Trevor McDougall is recognized as the foremost world authority on many aspects of oceanic mixing and has significantly influenced modern understanding of the subject. He has discovered four new oceanic mixing processes and has pioneered the concept of neutral surfaces along which the strong lateral mixing processes occur. McDougall has discovered and parameterized the contribution of ocean eddies to mean advection. This extra advection leads to a dramatic improvement in the ability of ocean models to simulate today's climate, and significantly, it halves the "thermal flywheel" effect of the ocean in opposing changes to the climate system. Over the past ten years McDougall has also made important contributions to almost every other aspect of ocean mixing, including double-diffusive interleaving, boundary mixing and the interpretation of microstructure data.
Veevers has made outstanding contributions to our understanding of the sedimentary basins of Australia, both on and offshore. Basic mapping of several onshore basins was followed by interpretation of offshore basins by sedimentological and geophysical methods, and finally interpretation of the whole continental plate in terms of the evolution of Gondwana. He is now involved in the recognition of tectonic-climatic global supercycles that define major phases in the development of the Earth during the last 1000 million years. His book synthesising the Phanerozoic history of the continent, has set a new standard for works of this kind published anywhere in the world.

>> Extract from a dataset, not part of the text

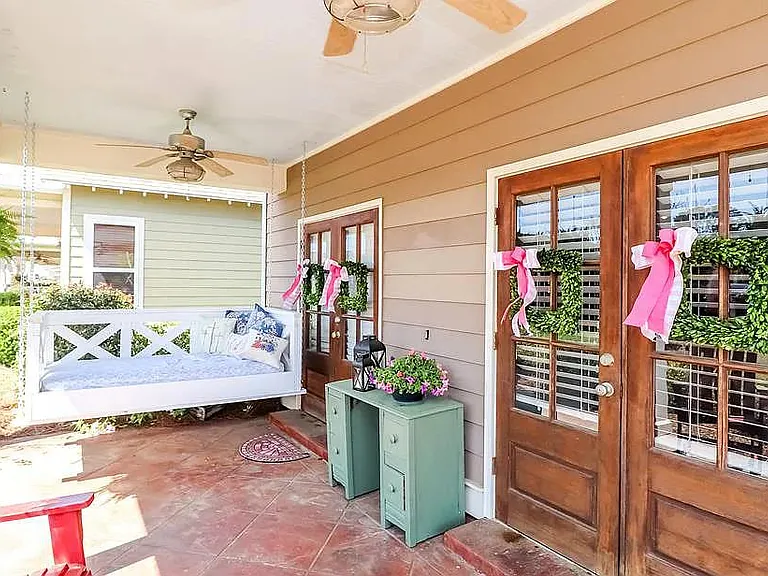 1300 Ashleys Dr — Photo 2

Kennett is a world class seismologist who has made major contributions to the nature of the seismic structure of the Earth. He has been at the forefront of theoretical work for the modelling of seismograms in a variety of complex media and has applied this theory to a number of innovative observational studies, including the structure of the upper mantle beneath northern Australia. Most recently he has developed the most comprehensive model for travel times for seismic waves through the Earth which forms the basis for all seismology studies into the loction of earthquakes, the determination of the mechanisms of earthquake faulting and the modelling of deep Earth structure.
Professor Roger Grimshaw is one of Australia's foremost contemporary applied mathematicians. He is also distinguished internationally by his ability to apply exceptional originality and a high level of physical insight to problems of real relevance to oceanography and meteorology. Particularly noteworthy is his recent work on the non-linear dynamics of internal waves, solitary waves, continental shelf waves, and the interaction of internal waves with shear flows, topography, rotation and interfaces. Such waves and their interactions are major contributors to the variability of currents on continental shelves; Grimshaw's skilful analytical treatments provide valuable theoretical insight on these problems, which are conventionally explored using numerical analysis.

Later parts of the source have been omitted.